Jesus’ instruction has a particular twist. Matthew’s audience most likely comprised a majority of folks who were poor to varying degrees. These are people with limited life-sustaining resources. What does the command to the poor to practice almsgiving signify? For this audience, shared resources provide a mercy-motivated survival strategy, assisting one another not out of abundance and surplus but out of everyday limited resources. Almsgiving is an act of community solidarity, performed in secret for divine approval. It is not to be performed, for example, out of fear or to ensure reciprocal help from others when disaster strikes (Matthew 6:3-4).
Despite its appeal to doing merciful justice, the passage is ironically less than merciful in its nasty caricature of Jewish practices (Matthew 6:2). There is no evidence that synagogues attracted attention by sounding trumpets. And nor were they peopled with any more hypocrites than any other religious group, including churches. The rhetoric is nasty polemic, not informed research. It functions to define the Jesus-group over against synagogues. The nastiness must not be replicated in our preaching.
Prayer as Justice
The second act of justice concerns prayer (Matthew 6:5-6). Again, an uncharitable comparison with and caricature of synagogue practices functions to highlight a distinctive practice directed toward God. Verses 7-15, excluded from this lectionary selection, show prayer to be an integral partner in the doing of justice with its petitions for God’s empire, will, daily bread, forgiveness of debts, and divine action in our world.
Fasting
The third act of justice concerns fasting (Matthew 6:16-21). Given that fasting does not seem to be widely practiced in many contemporary faith communities, many of us are not tempted to parade our fasting in public. Yet fasting is about our relationships with and use of material resources, especially but not exclusively food. Access to adequate amounts of nutritionally-balanced food was a challenge for many in the ancient world. Food access and supply reflected structures and practices of imperial power.
Not surprisingly, prophetic traditions link fasting with acts of social justice. They protest fasting when it is associated with injustice. Isaiah denounces fasting when it is accompanied by “serving your own interest…and oppress(ing) all your workers…to quarrel and to strike with a wicked fist.” By contrast, Isaiah redefines fasting as,
“to loose the bonds of injustice, to undo the thongs of the yoke, to let the oppressed go
free, and to break every yoke. Is it not to share your bread with the hungry, and bring the
homeless poor into your house; when you see the naked, to cover them, and not to hide
yourself from your own kin?” (Isaiah 58:2-10 selections).
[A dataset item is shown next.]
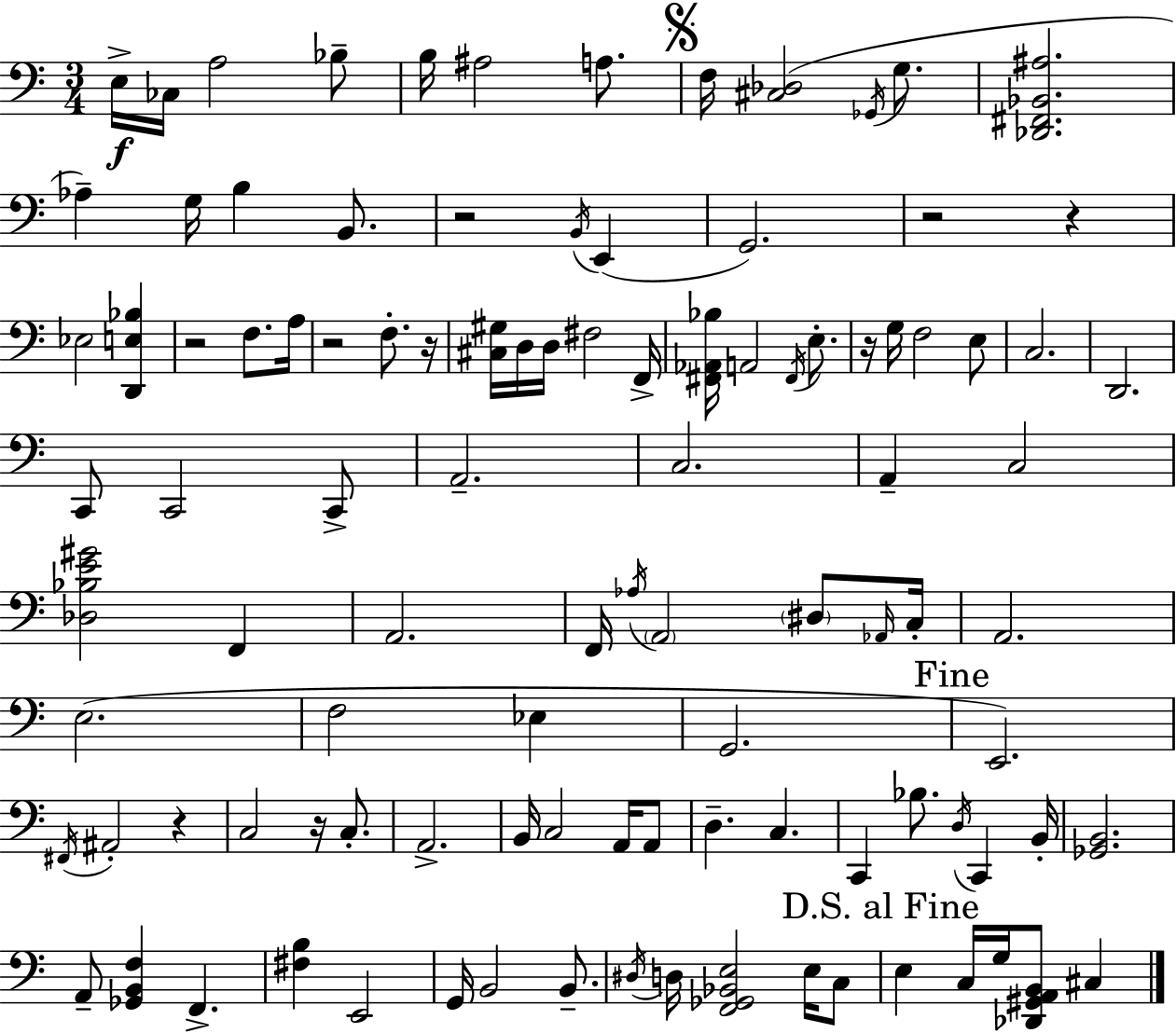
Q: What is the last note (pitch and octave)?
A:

Such actions are consistent with the criterion of merciful practices employed in the judgment scene in Matthew 25:31-46 — feeding the hungry, welcoming the stranger, housing the homeless etc.
This concern with justice in the use of resources for the good of others is reinforced by verses 19-21. Disciples are not to be distracted from doing acts of justice by either the lack or the abundance of material resources. Acts that seek just societal relationships and structures are to reflect the heart’s commitment to doing God’s will.